Supplied records START

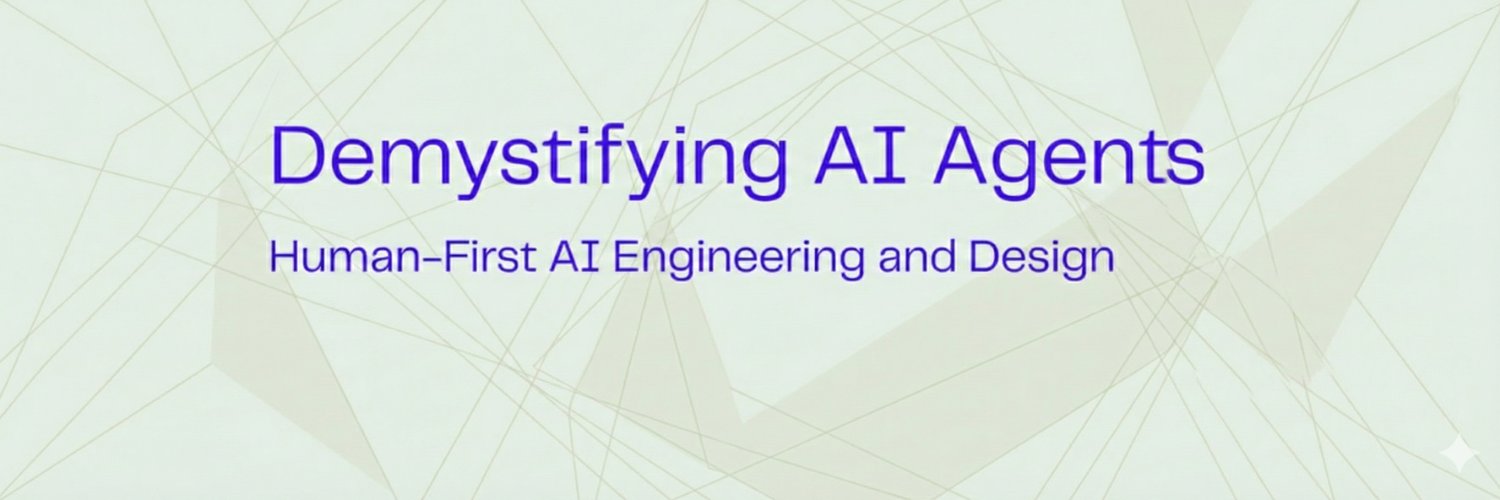 Bence Csernak banner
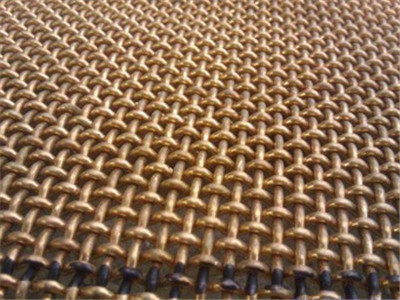 銅絲網(wǎng) 銅絲網(wǎng)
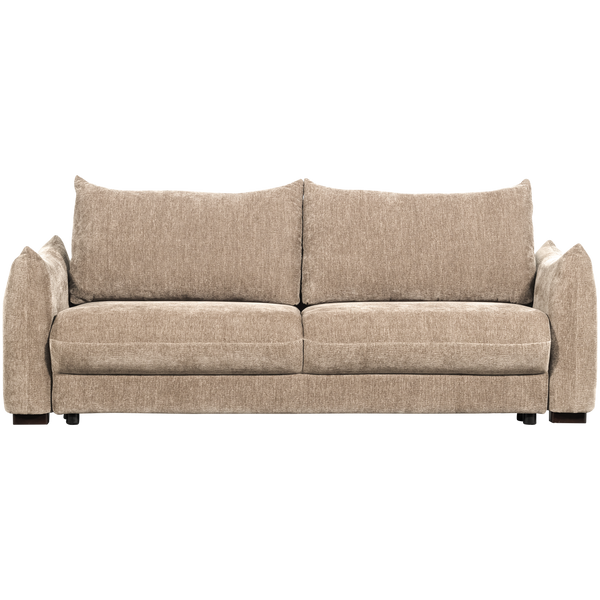 Product | Front | 1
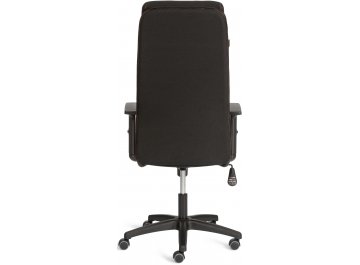 Компьютерное кресло Pragmatic Plt/Прагматик Плт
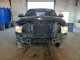 Ram 1500 2015 — Copart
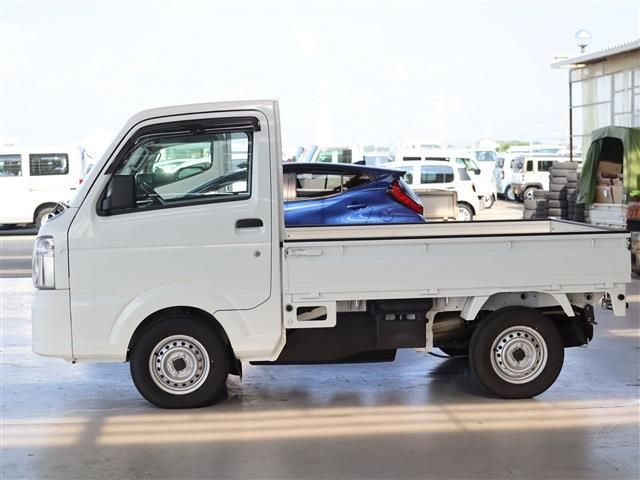 MAZDA SCRUM TRUCK 2022 Image 31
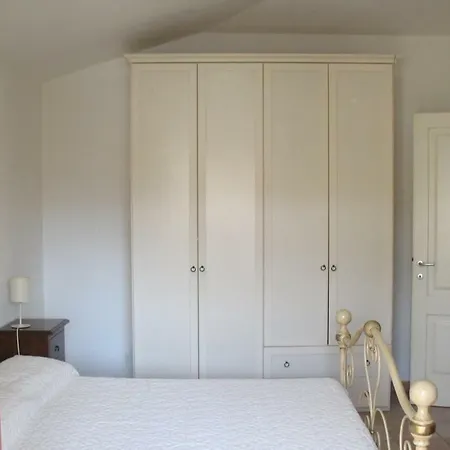 Le Domus De * קיה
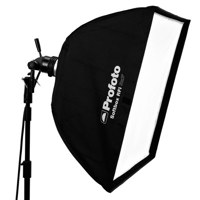 Profoto RFi 3 x 3' Softbox #25 Picture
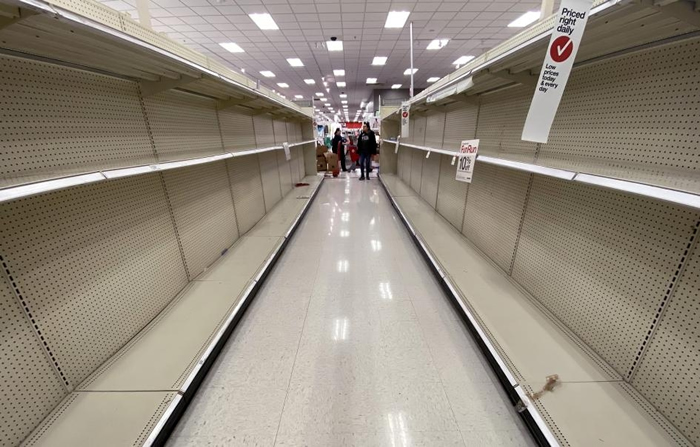 ����������Ӧ��״����������ڻ�����Ʒ������������ά��������һ�������ذٻ���Target���ƽ������ʪֽ������ϴ��������ֽ�Ļ���ȫ���յ����ġ� ��ʲô���¡��ֻ�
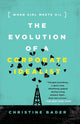 Book cover of: Evolution of a Corporate Idealist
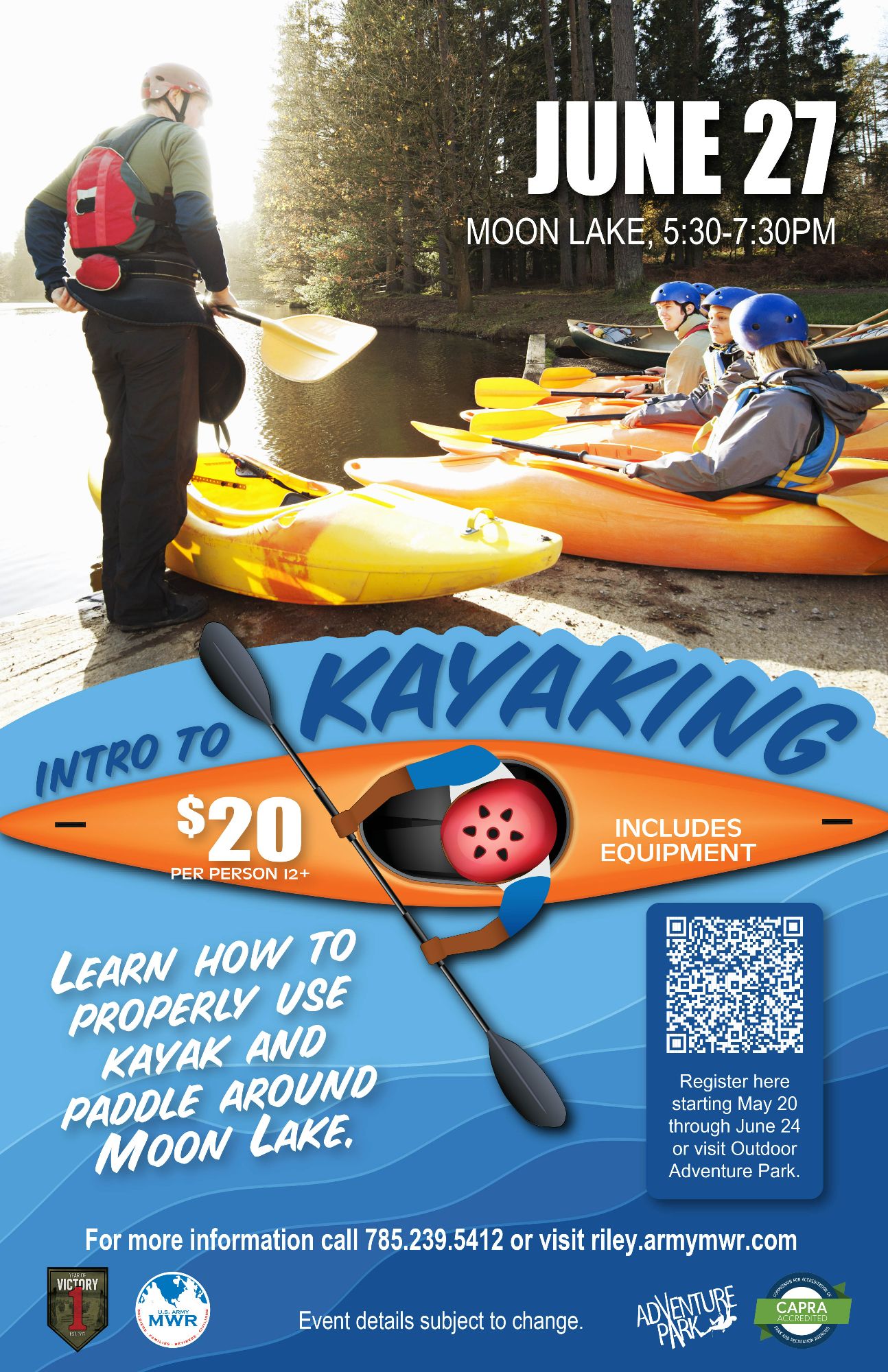 Kayak Flyer 2024-2.jpg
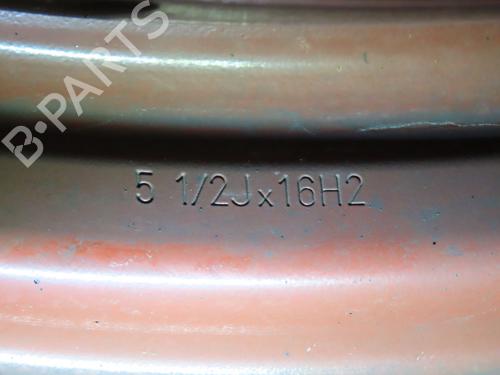 Used Jack Kit RENAULT KANGOO Express (FW0/1_) 1.5 dCi 85 (FW0K, FW0L, FW0B) (86 hp) 23647188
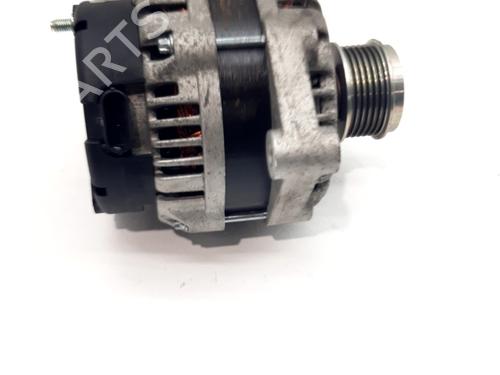 Generator CHEVROLET LACETTI (J200) 2.0 D (121 hp) 32105634
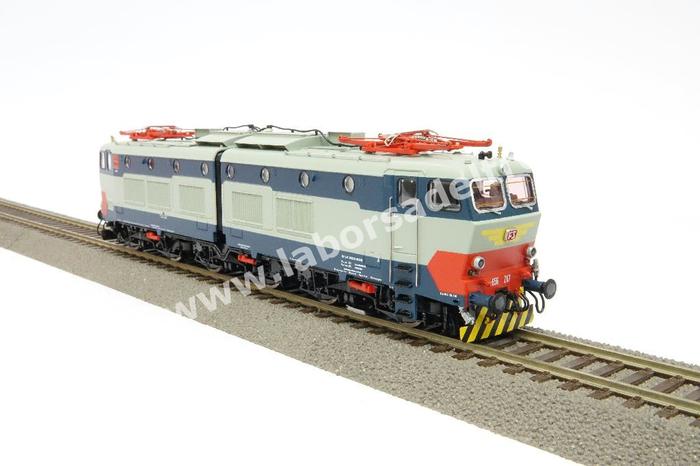 Acme 60390.1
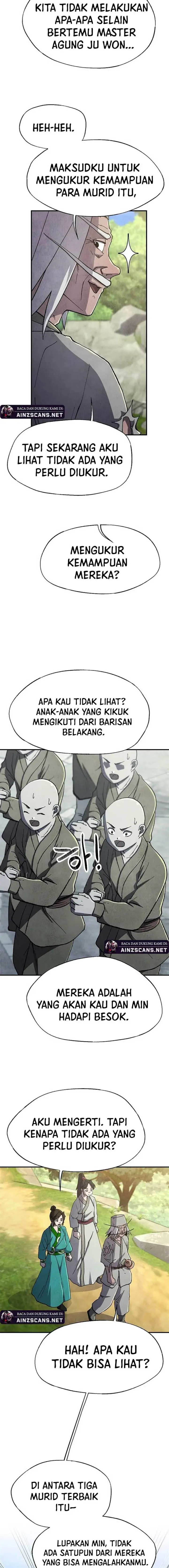 image-komik-the-genius-grandson-of-namgung-clan-chapter-59-8/17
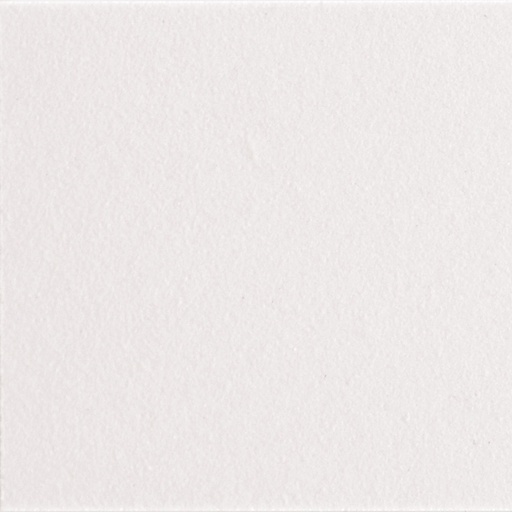 [342.001.0053] Micro white 5/5/0,6 matt.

Supplied records END

▸ To do: Retype exactly the lines above, starting at the line containing "image-komik-the-genius-grandson-of-namgung-clan-chapter-59-8/17" and ending with the last line, both included; leave out the pictures.

▸ Result for this task:
 image-komik-the-genius-grandson-of-namgung-clan-chapter-59-8/17
 [342.001.0053] Micro white 5/5/0,6 matt.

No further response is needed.